Le groupe formidable des trois Grâces, peut-être le plus beau jamais peint, représente l'affirmation de la Primavera, c'est-à-dire le Printemps, vers lequel est tournée Vénus. Puis le temps passe et nous voyons la représentation de l'été en Flore, dont la robe est floraison à proprement parler, et elle répand sur la terre les produits de sa générosité,.

Vient l'automne avec Chloris qui se retourne presque frileusement vers un personnage bleu, et un peu terrifiant, qui tente de la prendre. Ce personnage est Zéphyr qui, un jour, a oublié de souffler justement parce qu'il poursuivait dans les bois la nymphe Chloris.

Ce qui est absolument extraordinaire, si l'on se souvient de la "Naissance", c'est que nous avions Zéphyr, Vénus, une Grâce dans le premier tableau, et nous retrouvons ici Mercure, les Grâces, Vénus, Flore, Chloris, Zéphyr. Cela commence et cela finit par Zéphyr, donc les deux tableaux forment le cycle complet des saisons, hiver, printemps, été, automne. L'ensemble a été voulu pour nous montrer ce cycle de la nature qui est tellement propre à l'inspiration néo-platonicienne de Hésiode, telle que Marsile Ficin, Pic de la Mirandole et les autres la révéraient à cette époque. Mais cela nous montre aussi la primauté de l'amour sacré, tel qu'il est incarné ici, sur l'amour profane, sur la fragilité de l'eau et du coquillage de l'oeuvre précédente. En fait, toutes les allusions pourraient être étudiées beaucoup plus longuement pour nous démontrer la totale suite qu'il y a dans ces deux tableaux. Pour l'instant, nous allons nous promener dans "le Printemps".

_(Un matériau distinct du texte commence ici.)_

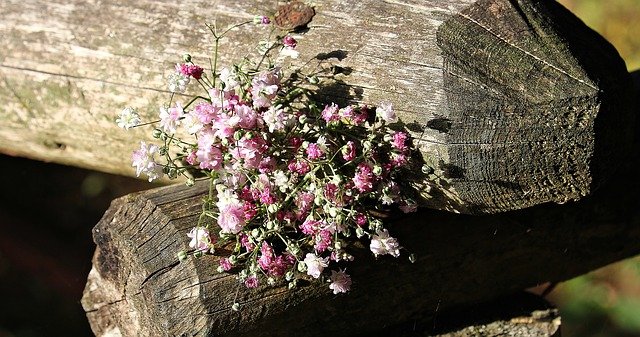 gypsophile rose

A gauche, Mercure et les Grâces (+ gros plan sur le visage) et, surtout, la très belle image de Mercure élevant son caducée pour arrêter les nuages et les vents et permettre aux Grâces de danser tranquillement, la plus belle chose qui soit. Les robes ont l'air d'être transparentes, mais elles ne le sont pas car c'est à peine si on devine les corps. Les corps sont de la danse parce que l'étoffe danse vraiment et les mouvements des bras, en particulier, sont absolument sublimes. Ensuite, nous avons Vénus au centre de la composition, dans cette pose presque solennelle qui est la sienne, matronne présidant à l'année... qui se déroule avec la personne de Flore, l'un des plus beaux détails du Printemps,puis Chloris et Zéphyr, ces trois derniers personnages dans un aspect dansant, contrepoint exact du groupe des trois Grâces.

Détails du visage de Flore, le plus célèbre dans la peinture de Botticelli, de la robe de Flore qui est comme une paraphrase de la robe de la Grâce dans la Naissance de Vénus. Tout le mouvement, pour elle aussi, vient de ces fleurs traitées en anamorphose et de ce bouquet de fleurs qu'elle s'apprête à jeter dans le monde. Enfin, Chloris poursuivie par Zéphyr qui a (les deux fois) les mêmes joues gonflées ;une fois il est bleu : c'est le Zéphyr de l'hiver, l'autre fois (dans la Naissance de Vénus) il est presque jaune : c'est le Zéphyr du printemps qui embrasse tantôt la déesse romaine Flora, tantôt la nymphe de la terre Chloris.